Yes, in the container scenario, if swap is enabled on the server and
the customer's
container requires 10GB of memory, we only need to set
memory.memsw.limit_in_bytes=10GB, and the kernel can automatically swap out
part of the business container's memory to swap according to the server's memory
pressure, and it can be fully guaranteed that the customer's container
will not use
more memory because swap is enabled on the server.
>
Re: [External] Re: [RFC 2/5] memcontrol: add boot option to enable memsw account on dfl
Posted by Michal Koutný 8 months, 1 week ago
On Thu, Apr 03, 2025 at 05:16:45PM +0800, jingxiang zeng <jingxiangzeng.cas@gmail.com> wrote:
> > We encountered an issue, which is also a real use case. With memory offloading,
> > we can move some cold pages to swap. Suppose an application’s peak memory
> > usage at certain times is 10GB, while at other times, it exists in a
> > combination of
> > memory and swap.

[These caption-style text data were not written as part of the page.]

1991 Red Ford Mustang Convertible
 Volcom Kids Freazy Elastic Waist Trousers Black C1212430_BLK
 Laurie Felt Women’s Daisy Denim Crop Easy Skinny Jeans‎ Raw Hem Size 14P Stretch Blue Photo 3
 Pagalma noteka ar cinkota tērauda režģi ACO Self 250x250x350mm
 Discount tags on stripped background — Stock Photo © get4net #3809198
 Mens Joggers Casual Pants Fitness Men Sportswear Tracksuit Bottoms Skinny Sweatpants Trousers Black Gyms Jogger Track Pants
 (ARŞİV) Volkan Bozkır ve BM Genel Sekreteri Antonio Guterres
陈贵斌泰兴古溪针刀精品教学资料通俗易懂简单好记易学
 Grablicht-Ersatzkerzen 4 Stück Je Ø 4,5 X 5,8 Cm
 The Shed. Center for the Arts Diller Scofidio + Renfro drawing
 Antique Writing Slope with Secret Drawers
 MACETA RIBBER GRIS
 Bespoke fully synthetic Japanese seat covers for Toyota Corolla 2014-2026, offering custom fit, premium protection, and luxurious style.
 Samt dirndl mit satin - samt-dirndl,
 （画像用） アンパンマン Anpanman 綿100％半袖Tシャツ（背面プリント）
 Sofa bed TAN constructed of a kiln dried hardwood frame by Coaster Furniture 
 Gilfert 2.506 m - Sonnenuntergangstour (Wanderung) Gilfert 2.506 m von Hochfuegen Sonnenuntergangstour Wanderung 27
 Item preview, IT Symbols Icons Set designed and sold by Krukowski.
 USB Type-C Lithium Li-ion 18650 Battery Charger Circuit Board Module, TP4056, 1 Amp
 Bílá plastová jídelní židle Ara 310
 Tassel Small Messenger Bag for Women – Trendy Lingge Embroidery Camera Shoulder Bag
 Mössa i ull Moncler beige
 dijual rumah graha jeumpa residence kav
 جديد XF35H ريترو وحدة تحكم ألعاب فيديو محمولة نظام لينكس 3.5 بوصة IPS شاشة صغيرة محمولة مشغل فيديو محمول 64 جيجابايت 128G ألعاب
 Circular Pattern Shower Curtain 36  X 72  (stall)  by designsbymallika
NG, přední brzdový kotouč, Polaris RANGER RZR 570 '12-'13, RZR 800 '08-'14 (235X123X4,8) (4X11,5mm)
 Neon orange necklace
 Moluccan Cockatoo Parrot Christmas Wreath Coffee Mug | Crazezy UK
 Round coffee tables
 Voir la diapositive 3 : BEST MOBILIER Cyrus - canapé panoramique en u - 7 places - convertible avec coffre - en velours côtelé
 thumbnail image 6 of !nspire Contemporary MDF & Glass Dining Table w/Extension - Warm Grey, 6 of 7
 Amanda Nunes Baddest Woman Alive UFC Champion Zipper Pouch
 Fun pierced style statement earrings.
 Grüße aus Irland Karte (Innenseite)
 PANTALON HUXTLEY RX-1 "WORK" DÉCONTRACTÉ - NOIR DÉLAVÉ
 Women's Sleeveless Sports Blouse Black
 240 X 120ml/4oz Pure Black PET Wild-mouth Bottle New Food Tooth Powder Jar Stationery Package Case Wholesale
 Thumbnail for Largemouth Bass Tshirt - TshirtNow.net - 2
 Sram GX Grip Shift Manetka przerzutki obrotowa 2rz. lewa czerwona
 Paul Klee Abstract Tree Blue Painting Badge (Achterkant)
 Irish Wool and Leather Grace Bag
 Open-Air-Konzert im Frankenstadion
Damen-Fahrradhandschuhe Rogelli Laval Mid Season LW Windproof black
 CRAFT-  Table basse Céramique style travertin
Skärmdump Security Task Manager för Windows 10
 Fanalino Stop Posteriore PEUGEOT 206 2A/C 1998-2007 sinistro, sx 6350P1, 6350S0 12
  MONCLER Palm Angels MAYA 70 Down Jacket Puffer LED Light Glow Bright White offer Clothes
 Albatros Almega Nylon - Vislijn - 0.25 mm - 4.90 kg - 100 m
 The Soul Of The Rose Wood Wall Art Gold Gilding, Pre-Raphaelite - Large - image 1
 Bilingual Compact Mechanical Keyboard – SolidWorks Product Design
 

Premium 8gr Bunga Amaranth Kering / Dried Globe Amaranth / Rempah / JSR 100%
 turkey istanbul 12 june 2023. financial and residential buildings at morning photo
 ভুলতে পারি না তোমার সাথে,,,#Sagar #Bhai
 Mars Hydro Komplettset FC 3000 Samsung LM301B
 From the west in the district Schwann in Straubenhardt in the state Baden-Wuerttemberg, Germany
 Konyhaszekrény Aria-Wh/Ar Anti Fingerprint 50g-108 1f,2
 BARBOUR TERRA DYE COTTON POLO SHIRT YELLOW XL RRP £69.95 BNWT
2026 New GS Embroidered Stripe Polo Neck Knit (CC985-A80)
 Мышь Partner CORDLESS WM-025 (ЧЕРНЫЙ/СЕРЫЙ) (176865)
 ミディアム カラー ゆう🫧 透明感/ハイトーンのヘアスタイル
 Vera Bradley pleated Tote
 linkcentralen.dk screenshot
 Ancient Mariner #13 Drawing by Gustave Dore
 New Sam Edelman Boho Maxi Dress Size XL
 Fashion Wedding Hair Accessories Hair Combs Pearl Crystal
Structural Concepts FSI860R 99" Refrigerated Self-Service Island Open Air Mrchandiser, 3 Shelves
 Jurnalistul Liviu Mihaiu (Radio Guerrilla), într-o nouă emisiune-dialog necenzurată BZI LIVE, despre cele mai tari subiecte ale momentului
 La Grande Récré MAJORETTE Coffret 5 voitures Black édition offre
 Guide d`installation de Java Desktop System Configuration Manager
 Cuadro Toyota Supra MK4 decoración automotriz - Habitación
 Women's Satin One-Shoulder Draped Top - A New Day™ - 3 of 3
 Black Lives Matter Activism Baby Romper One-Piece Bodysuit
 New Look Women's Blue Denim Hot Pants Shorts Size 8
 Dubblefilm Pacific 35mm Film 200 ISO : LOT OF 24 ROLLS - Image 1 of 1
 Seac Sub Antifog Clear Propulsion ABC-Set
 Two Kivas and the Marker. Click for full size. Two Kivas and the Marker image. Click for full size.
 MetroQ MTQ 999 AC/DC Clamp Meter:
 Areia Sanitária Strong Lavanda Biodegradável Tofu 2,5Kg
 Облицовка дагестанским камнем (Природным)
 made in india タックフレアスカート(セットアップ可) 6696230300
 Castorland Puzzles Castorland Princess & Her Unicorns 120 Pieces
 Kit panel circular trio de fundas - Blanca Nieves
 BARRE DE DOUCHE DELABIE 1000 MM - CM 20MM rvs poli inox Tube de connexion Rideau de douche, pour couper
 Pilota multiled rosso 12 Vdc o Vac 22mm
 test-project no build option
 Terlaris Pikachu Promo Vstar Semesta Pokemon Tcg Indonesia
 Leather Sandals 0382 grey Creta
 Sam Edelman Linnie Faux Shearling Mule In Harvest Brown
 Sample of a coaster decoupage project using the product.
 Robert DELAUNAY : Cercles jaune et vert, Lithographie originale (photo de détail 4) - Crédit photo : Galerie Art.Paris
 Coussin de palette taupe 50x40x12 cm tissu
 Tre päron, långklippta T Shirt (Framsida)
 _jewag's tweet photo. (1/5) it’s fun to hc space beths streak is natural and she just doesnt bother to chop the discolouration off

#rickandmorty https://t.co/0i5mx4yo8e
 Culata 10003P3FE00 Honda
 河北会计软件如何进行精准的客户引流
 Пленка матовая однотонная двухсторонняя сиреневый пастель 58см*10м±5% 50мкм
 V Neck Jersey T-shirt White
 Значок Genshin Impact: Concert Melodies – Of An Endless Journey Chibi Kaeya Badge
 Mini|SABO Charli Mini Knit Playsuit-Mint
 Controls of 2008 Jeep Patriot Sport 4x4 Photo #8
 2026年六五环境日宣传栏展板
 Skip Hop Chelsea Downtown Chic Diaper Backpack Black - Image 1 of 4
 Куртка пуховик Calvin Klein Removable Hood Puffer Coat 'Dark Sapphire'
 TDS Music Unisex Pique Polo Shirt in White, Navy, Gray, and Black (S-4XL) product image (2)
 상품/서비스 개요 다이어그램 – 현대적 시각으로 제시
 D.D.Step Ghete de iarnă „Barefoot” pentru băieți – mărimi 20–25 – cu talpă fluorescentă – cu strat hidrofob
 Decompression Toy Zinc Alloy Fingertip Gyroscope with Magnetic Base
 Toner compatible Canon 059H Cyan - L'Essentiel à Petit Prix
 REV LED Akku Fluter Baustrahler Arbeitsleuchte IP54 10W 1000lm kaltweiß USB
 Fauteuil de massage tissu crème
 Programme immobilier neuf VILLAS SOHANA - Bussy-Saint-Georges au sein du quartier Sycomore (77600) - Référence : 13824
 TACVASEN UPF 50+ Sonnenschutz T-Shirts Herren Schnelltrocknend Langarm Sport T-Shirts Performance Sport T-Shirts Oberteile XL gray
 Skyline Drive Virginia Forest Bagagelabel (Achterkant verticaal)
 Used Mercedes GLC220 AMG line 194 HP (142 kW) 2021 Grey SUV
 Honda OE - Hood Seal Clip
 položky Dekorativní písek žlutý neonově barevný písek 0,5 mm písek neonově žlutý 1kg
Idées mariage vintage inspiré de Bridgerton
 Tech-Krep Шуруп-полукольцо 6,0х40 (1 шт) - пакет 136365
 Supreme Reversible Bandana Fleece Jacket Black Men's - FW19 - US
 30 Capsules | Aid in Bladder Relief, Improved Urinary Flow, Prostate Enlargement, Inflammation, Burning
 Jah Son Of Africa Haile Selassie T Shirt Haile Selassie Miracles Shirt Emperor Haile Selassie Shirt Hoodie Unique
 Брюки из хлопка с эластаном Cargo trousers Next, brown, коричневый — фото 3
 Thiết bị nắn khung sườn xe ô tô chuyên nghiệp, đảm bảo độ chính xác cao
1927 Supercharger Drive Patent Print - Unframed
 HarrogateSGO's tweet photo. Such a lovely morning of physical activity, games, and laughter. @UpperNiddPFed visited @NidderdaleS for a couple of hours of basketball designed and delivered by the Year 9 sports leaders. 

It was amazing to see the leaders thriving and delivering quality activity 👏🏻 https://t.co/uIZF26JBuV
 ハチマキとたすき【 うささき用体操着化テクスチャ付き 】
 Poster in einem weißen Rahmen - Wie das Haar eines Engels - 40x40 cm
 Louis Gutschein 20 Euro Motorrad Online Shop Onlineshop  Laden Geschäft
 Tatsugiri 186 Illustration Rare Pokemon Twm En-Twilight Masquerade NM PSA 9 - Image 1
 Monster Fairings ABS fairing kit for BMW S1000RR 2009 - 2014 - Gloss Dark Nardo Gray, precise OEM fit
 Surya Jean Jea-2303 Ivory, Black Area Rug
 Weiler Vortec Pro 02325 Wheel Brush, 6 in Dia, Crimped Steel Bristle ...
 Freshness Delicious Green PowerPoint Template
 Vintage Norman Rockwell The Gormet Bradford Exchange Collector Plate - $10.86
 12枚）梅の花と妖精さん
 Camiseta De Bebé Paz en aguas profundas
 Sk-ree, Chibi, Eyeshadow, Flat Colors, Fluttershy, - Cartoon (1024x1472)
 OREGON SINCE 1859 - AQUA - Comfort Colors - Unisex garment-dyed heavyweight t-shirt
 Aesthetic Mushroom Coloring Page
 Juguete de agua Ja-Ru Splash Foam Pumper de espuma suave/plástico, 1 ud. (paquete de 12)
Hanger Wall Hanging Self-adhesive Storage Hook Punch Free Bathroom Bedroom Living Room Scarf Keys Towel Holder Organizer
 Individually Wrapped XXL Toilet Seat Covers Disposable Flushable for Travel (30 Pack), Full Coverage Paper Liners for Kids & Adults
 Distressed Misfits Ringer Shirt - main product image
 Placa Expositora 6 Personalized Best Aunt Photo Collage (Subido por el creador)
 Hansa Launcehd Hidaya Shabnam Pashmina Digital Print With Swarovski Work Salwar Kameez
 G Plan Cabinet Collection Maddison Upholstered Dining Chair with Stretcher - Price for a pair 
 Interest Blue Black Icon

If we set limits on memory or swap separately, it would lack
> > flexibility—sometimes it needs 1GB memory + 9GB swap, sometimes 5GB
> > memory + 5GB swap, or even 10GB memory + 0GB swap. Therefore, we strongly
> > hope to use the mem+swap charging method in cgroupv2

App's peak need determines memory.max=10G.
The apparent flexibility is dependency on how much competitors the app
has. It can run 5GB memory + 5GB swap with some competition or 1GB
memory + 9 GB with different competition (more memory demanding).
If you want to prevent faulty app to eating up all of swap for itself
(like it's possible with memsw), you may define some memory.swap.max.
(There's no unique correspondence between this and original memsw value
since the cost of mem<->swap is variable.)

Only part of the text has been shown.